Le Figaro and Libération both have tough words for last night’s presidential debate, which featured a whopping 11 candidates on stage – something never seen before in France – while Le Monde focused on the scary prospects for the EU.
Eleven was clearly too high a number for conservative paper Le Figaro, which writes that the debate “quickly turned to confusion” in its top headline.
Nor does the paper show much admiration for the six candidates from further down in the polls who were invited to last night’s debate after being excluded from the first one. They “decided to go on the offensive in order to better make their voices heard,” Le Figaro says.
“Confusion”, “cacophony”, “provocation”, “interruptions” – those were just a few of the words Le Figaro uses to describe the debate.
According to the right-wing paper, there was so much chaos that it blurred traditional party lines: Socialist Benoît Hamon at times appeared to be on the right, Republicans candidate François Fillon looked like he was on the left and Emmanuel Macron – who normally agrees with everyone – stuck to the centre this time.
Hard-left candidate Jean-Luc Mélenchon, often the rabble-rouser, even sounded a little cautious: “Careful, friends, we need to make sure this evening helps people understand,” Le Figaro quotes him as saying.
Shaking up the debate
Libération, on the left, has a very different take, writing that the “petits candidats”, as the lesser-known candidates are known, “shook up the debate”.
“Invited to debate against the campaign leaders, the other presidential hopefuls broke the codes of what could have been a very preformatted discussion: Revolt!” is how Libé begins its front-page editorial.

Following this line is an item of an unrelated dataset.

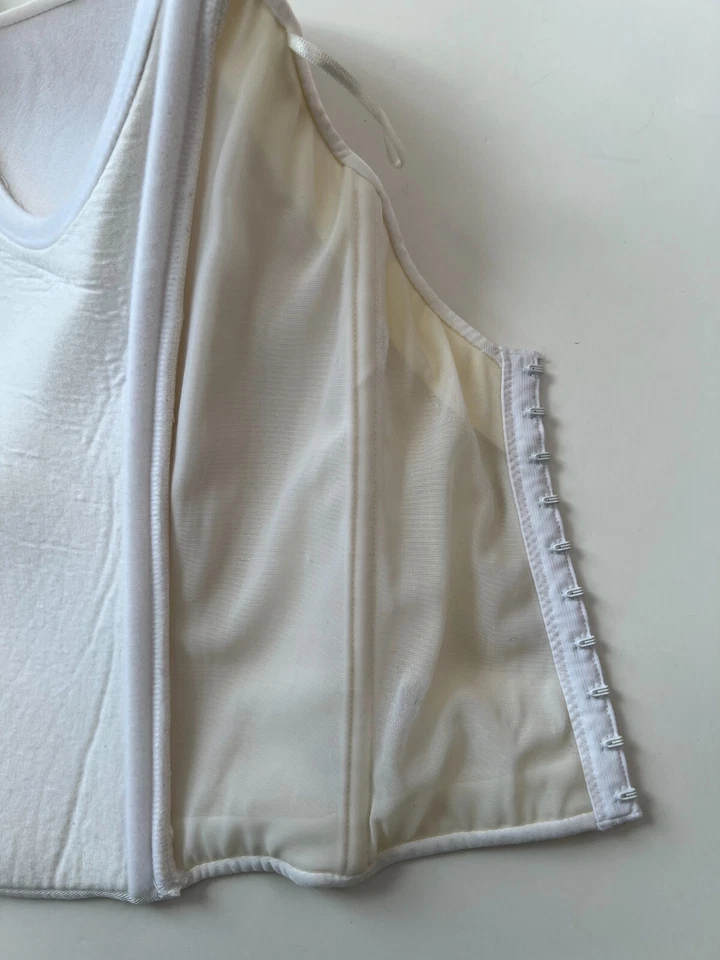 Corsé bustier sujetador blanco vintage Victoria's Secret boda/promoción 34B - usado una vez Foto 3 de 4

According to Libération, only two out of the 11 candidates were willing to defend “le grand capital”, or the world of finance.

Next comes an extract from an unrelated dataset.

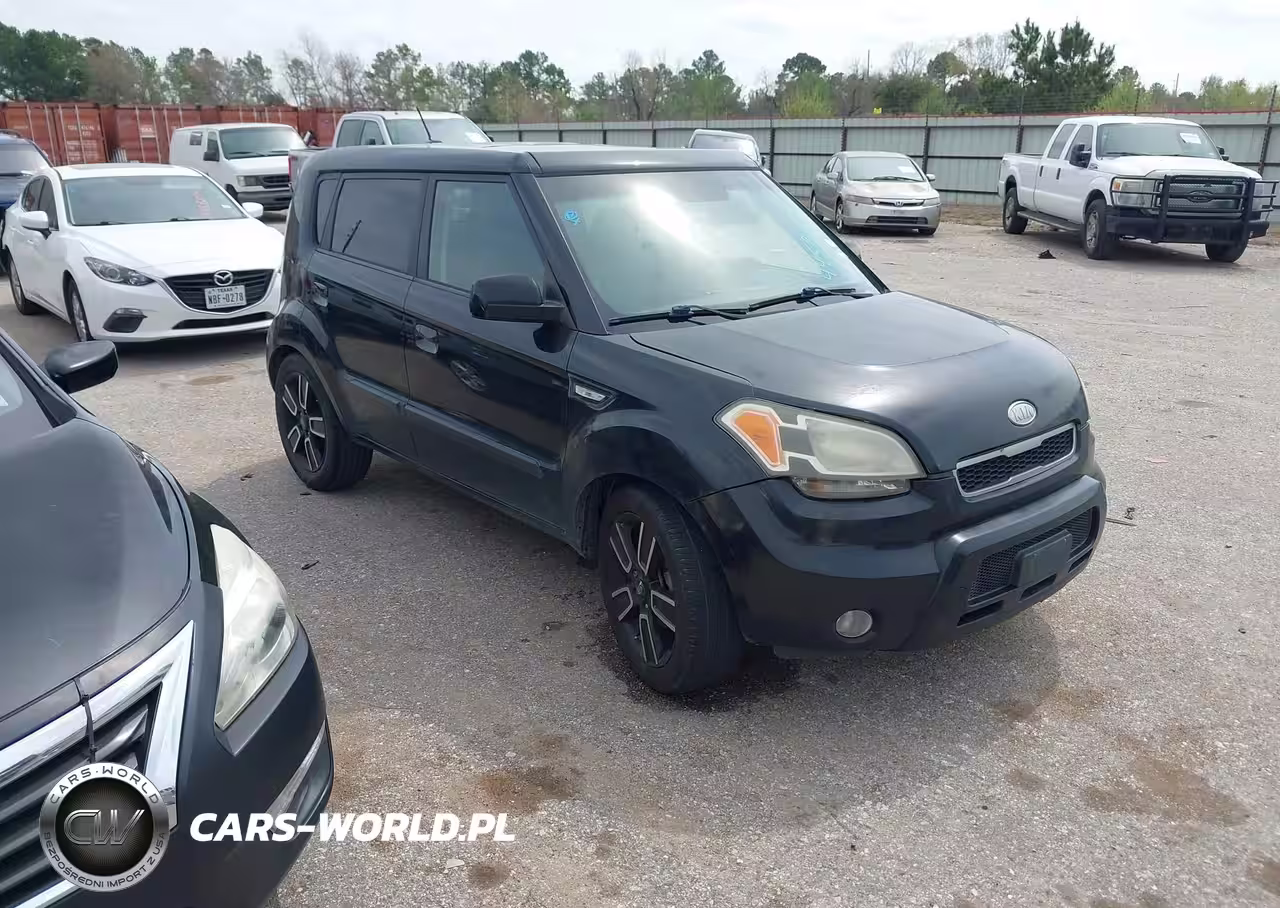 2010 Kia Soul +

Unsurprisingly for Libération, it was the little candidates who led the charge against big finance: “They forcefully expressed something profound. Facing injustice, they rejected the ruling class that has let money have its day.”

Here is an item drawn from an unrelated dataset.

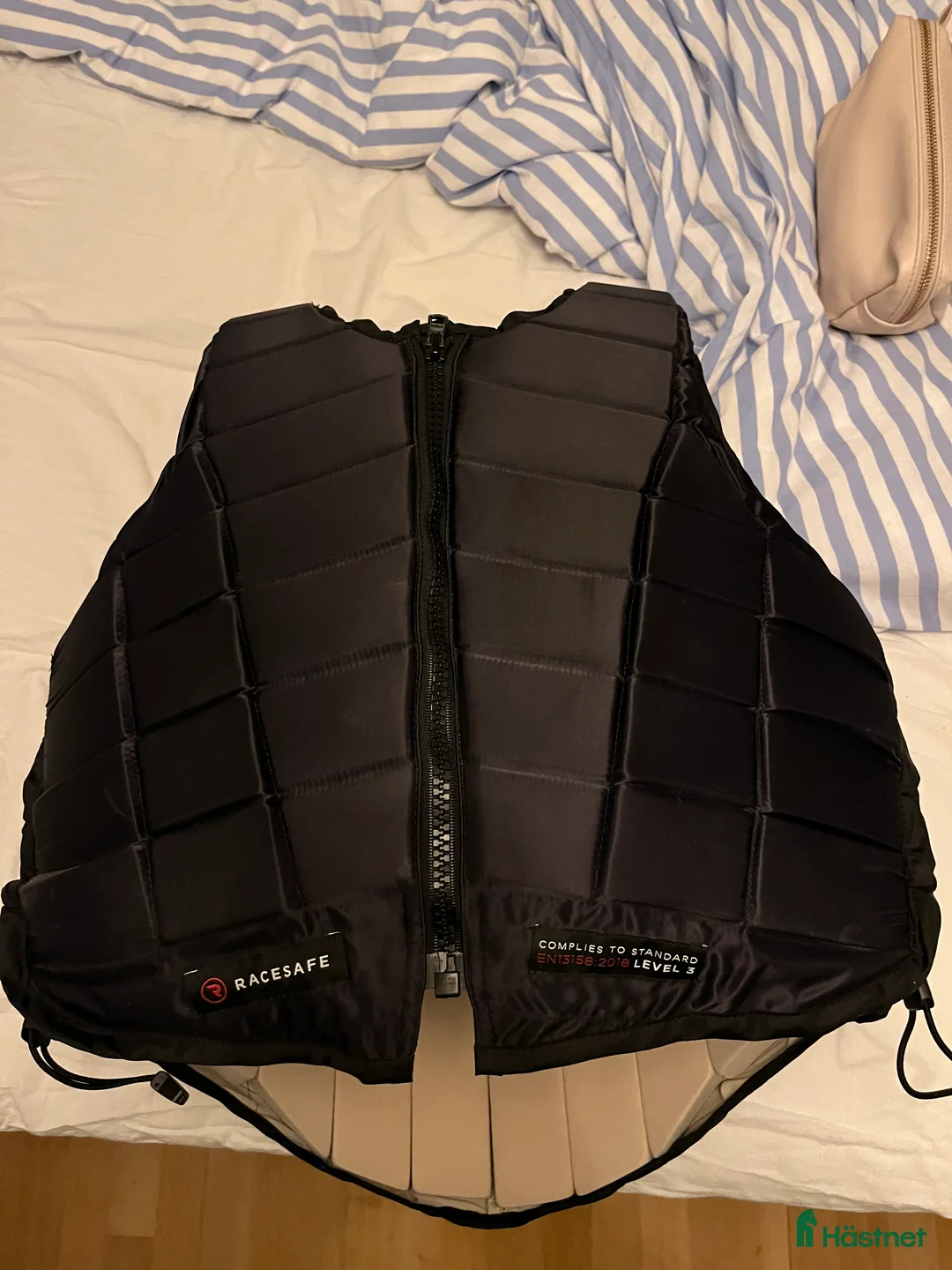 Säkerhetsvästar ryttarutrustning till salu: Fin säkerhetsväst  i Luleå - Annons 1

Le Monde chimes in with its own negative take on the election campaign.
“The presidential elections are scaring the European Union,” reads its top headline.
That story is about how the European Union is, so far, too scared of far-right candidate Marine Le Pen to consider the possibility that she could win the election.
The paper argues that the EU has “no Plan B” in case of a Le Pen presidency – not in Brussels, the seat of the EU, nor in Frankfurt, where the EU central bank is located.
Le Monde warns that the situation is similar to the EU’s inability to foresee the vote for Brexit last year. They warn that Le Pen would be even worse for the EU than US President Donald Trump.
But, in another article, Le Monde points out that despite all the excitement for politics, a third of voters haven’t decided if they will even cast a ballot at all in these elections. So it’s still too early to predict what will happen.